A few weeks back, we talked about a new program being used by U.S. Immigration and Customs Enforcement that will allow the organization to review deportation cases and decide whether to proceed or suspend some of them. It is called prosecutorial discretion and it will be coming to Los Angeles, California this summer, from July 9 to July 20.
ICE says they have offered to suspend deportation cases against 16,500 people after reviewing about 70% of the total cases pending. The number of cases being shelved makes up 7.5% of the deportation cases under review.
As we mentioned before, some of the factors that go into a deportation case being suspended under prosecutorial discretion include length of time in the U.S, having a child born in the U.S., showing good moral character and lacking a criminal record.
But one thing that some do not consider is that after someone is cleared of a deportation case, they struggle to earn work visas. The director of advocacy for the American Immigration Lawyers Association says the number of work visa approvals is “a very low number.”

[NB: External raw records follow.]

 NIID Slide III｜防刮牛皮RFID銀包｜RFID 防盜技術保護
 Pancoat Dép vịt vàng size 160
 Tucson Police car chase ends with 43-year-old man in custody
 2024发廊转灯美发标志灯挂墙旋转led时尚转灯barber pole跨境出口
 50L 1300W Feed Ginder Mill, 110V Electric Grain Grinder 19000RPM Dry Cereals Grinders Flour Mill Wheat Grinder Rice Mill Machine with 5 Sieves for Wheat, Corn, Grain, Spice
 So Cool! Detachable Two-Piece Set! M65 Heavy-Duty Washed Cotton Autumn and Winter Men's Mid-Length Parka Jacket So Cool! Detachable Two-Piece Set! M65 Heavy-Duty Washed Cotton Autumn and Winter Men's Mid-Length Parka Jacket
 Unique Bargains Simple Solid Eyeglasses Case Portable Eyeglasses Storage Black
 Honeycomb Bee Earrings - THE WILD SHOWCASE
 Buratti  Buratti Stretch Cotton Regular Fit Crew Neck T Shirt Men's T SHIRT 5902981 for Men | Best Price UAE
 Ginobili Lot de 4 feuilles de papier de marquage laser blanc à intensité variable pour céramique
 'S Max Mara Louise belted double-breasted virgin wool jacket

So some take their case to immigration court, seeking asylum. According to the Executive Office for Immigration Review, in 2011 about 50% of the immigrants who went to court trying to earn asylum were successful.
Whether you are applying for a work visa, seeking asylum or your deportation case is up for review under prosecutorial discretion, it is vital to have a determined attorney with experience handling immigration and deportation cases in your corner.